In the later period, the share of investment to Argentina from the US (36%) and Continental Europe (23%) declined significantly, as other nations contributed capital at much higher levels than they had previously. These new active participants consisted of two groups. The one known as "Neighbors", including Chile, Brazil, Bolivia, Paraguay and Uruguay, accounted for a 15% share. The group known as "Other", made up of countries such as the "Asian Tigers" and Japan, provided 21% of the FDI.
Access to an increasing number of different investment sources is a positive development for Argentina because of the following reasons: Any one of the investing countries now has less ability to demand terms in its favor at Argentina's cost. Moreover, domestic opposition against one country commanding to great a share of investment in Argentina's assets is has become less likely.

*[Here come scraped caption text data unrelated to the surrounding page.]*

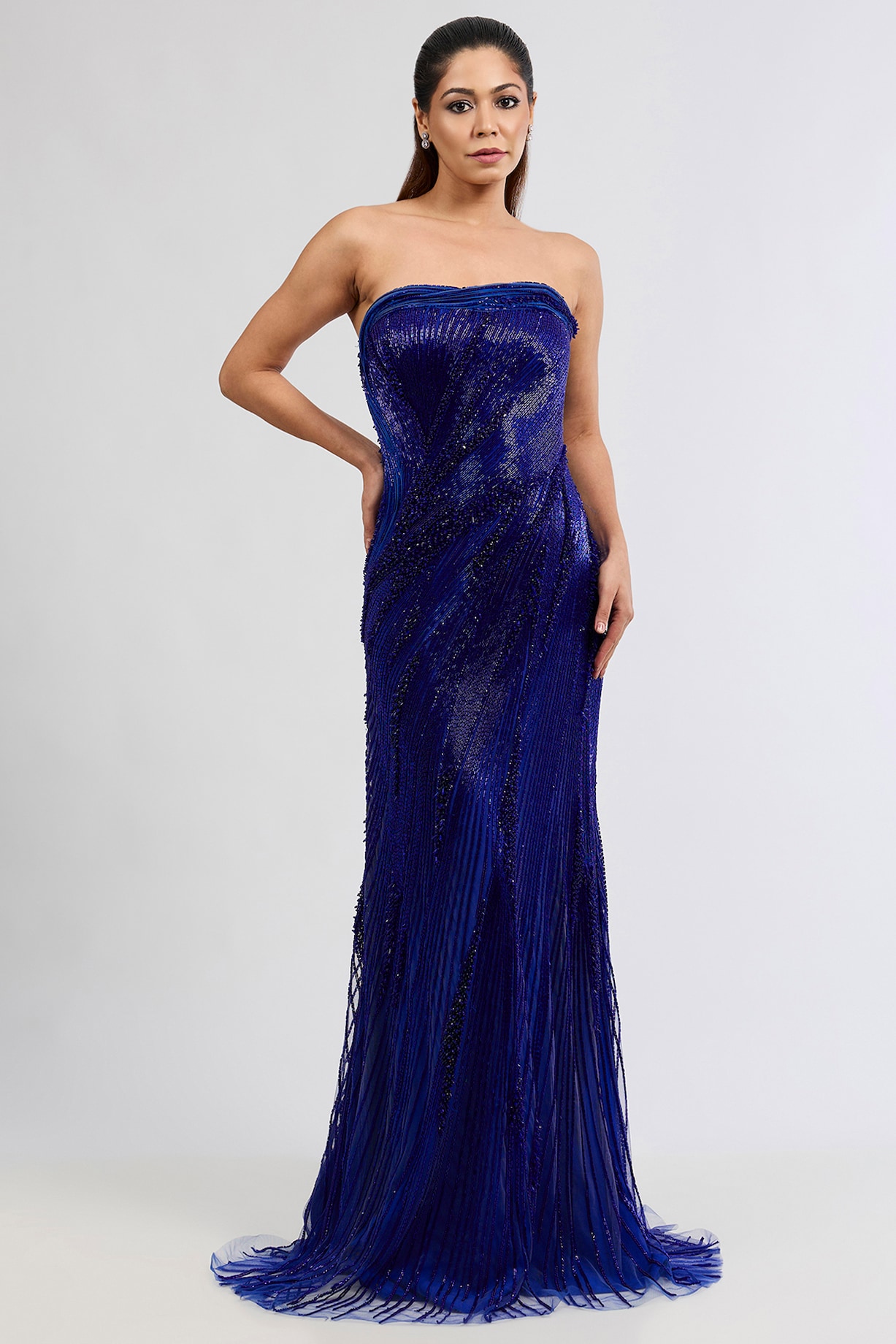 Pernia's Pop Up Shop - Gaurav Gupta Women Electric Blue Nylon & Tulle Sequins Embellished Strapless Gown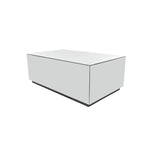 Glass Mirrored Rectangle Coffee Table with Elevated Base - Silver - Roche River Decor - 28Wx47Lx18H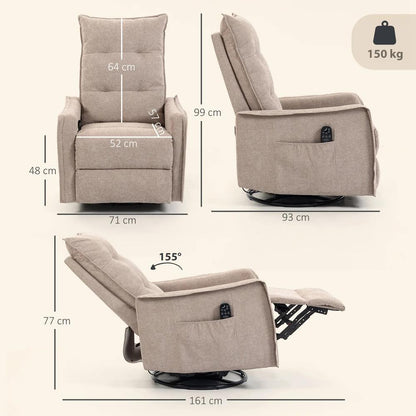 HOMCOM Recliner Armchair, Chenille Recliner Chair with Massage and Heat, 360&deg; Swivel Rocking Manual Recliner Additional View 18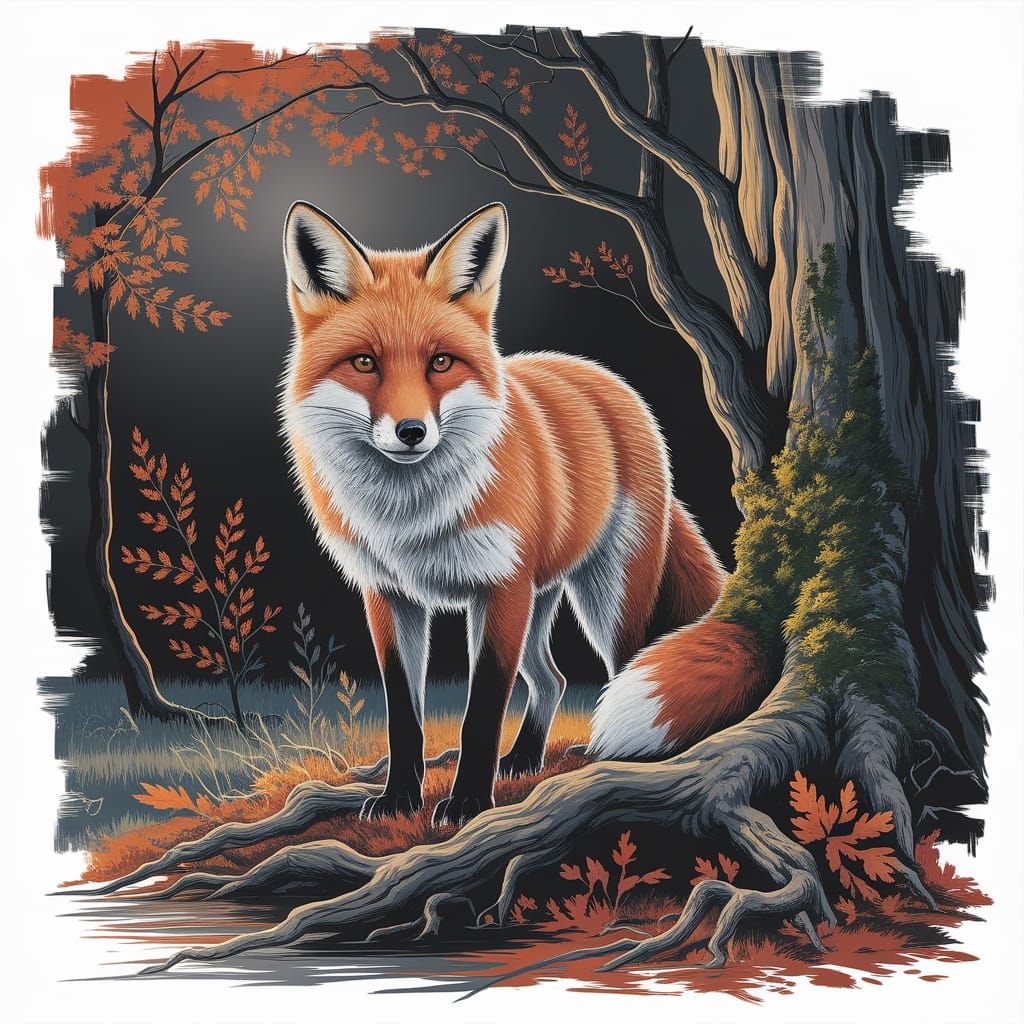 Red Fox in Autumn Woodland, Gritty Impressionism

Explaining Argentina's FDI Flows
There are a number of different causes that have contributed to the remarkable growth of FDI over the past decade. First and foremost among them must be the economic reforms Argentina's government began in 1989, which provided a stable macroeconomic environment and eliminated capital controls. These reforms were instrumental in boosting investor confidence. This explanation is supported by the similarity between Argentina’s pattern of FDI and Chili's during the early 1970s, when the latter liberalized its markets.

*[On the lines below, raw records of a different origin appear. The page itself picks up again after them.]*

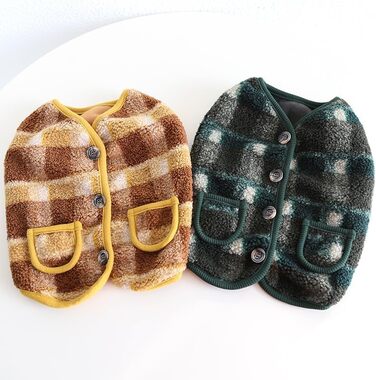 Теплий флісовий одяг для собак для великих і товстих собак, таких як Французький бульдог, коргі, мопс, бульдог, бультер'єр, шиба-іну та інші - зимова куртка розмір L (XXL: Об'єм грудей 66-70 см, темно-зелений)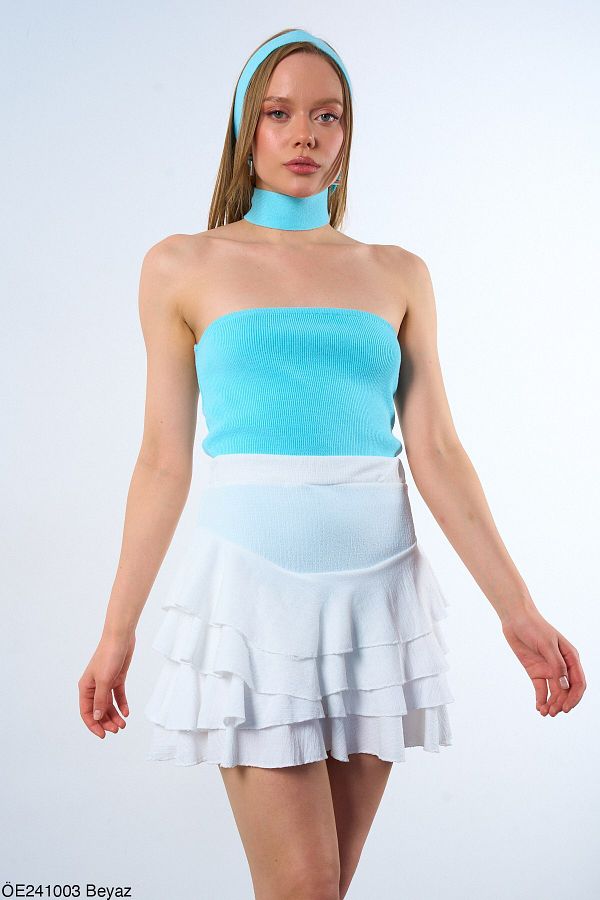 CELITA-Frilly Short Elastic Waist New Season Women's Skirt 1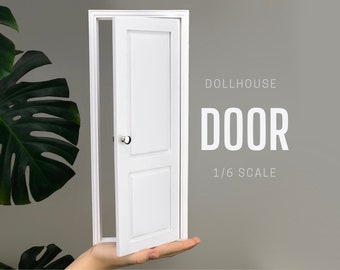 1/6 scale 2 panel wooden Door for DollHouse, DIY accessory, Miniature 1-6 scale door, white painted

Lower costs for capital transactions is another factor that has encouraged growth in FDI . This development, , which has taken place world-wide over the past few decades, has promoted growth in foreign investments globally. That lower transaction costs play a role in determining the level of FDI to Argentina is borne out by the similar cycling of its flows to those of other developing nations over this period. The relationship between these transaction costs and FDI is the mechanism through which investment opportunities evolve in an interconnected fashion among emerging economies. It is also the means through which external shocks impact those economies in similar ways. Nevertheless, lower transaction costs cannot completely explain the spectacular growth of FDI to Argentina since 1989, which exceeded that of numerous other emerging markets.

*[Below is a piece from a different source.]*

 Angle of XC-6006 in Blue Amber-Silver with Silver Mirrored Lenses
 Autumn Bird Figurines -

As part of Argentina's economic reforms, the privatization's of state-owned companies has also contributed to the rapid growth in FDI. The Argentine government carried out most of its privatization activities during the first half of the 1990s. Much of the foreign investment during this period purchased shares in the newly privatized companies. However, as the graph below shows, by 1995, most of the privatization was already complete. The receipts for 1996 were even lower than for 1995. Today, receipts from privatization, still at relatively low levels, cannot explain why FDI continues to grow.

Lending support to this belief, the government has created a number of independent institutions, with the goal of reigning in expropriating opportunism. For example, the currency board established in 1991 has the sole right to regulate the money supply. Other institutions were set up to regulate recently privatized utility companies, such as ETOSS, ENARGAS, ENRE, and CNT, which are responsible for the water, natural gas, electrical power, and telecommunications sectors, respectively. These institutions have thus far successfully demonstrated their ability to carry out operations free from detrimental governmental interference. Such an affirmation of Argentina's resolve to contain opportunism can only serve to further investor confidence, promising favorable FDI levels in the coming years.
Exposure to Volatile Flows
While it appears reasonable that levels of FDI should continue to grow in the near future; nevertheless, there is cause for concern over the volatility of the investment flows to Argentina. In the face of external shocks, capital flows are subject to dramatic fluctuations. As has already been pointed out, at the time of the Mexican Peso crisis, Argentina’s level of FDI fell about 75%.
Argentina is overly reliant on international cash flows to fund its economic development, which makes it particularly vulnerable to sudden fluctuations in FDI. This dependence has come about because other sources of funding have proven limited. For example, savings deposits and pension plans have grown slowly due to a hesitancy among the inflation-weary Argentine people to use banks. Also, domestic receipts from privatization are much smaller than they have been in the past. That Argentina's exports consist predominantly of products from the agricultural sector, a legacy of the 1800s, doesn't help matters. Such a lack of diversification in exports makes the country particularly susceptible to external shocks (i.e., a drop in the demand for agricultural products).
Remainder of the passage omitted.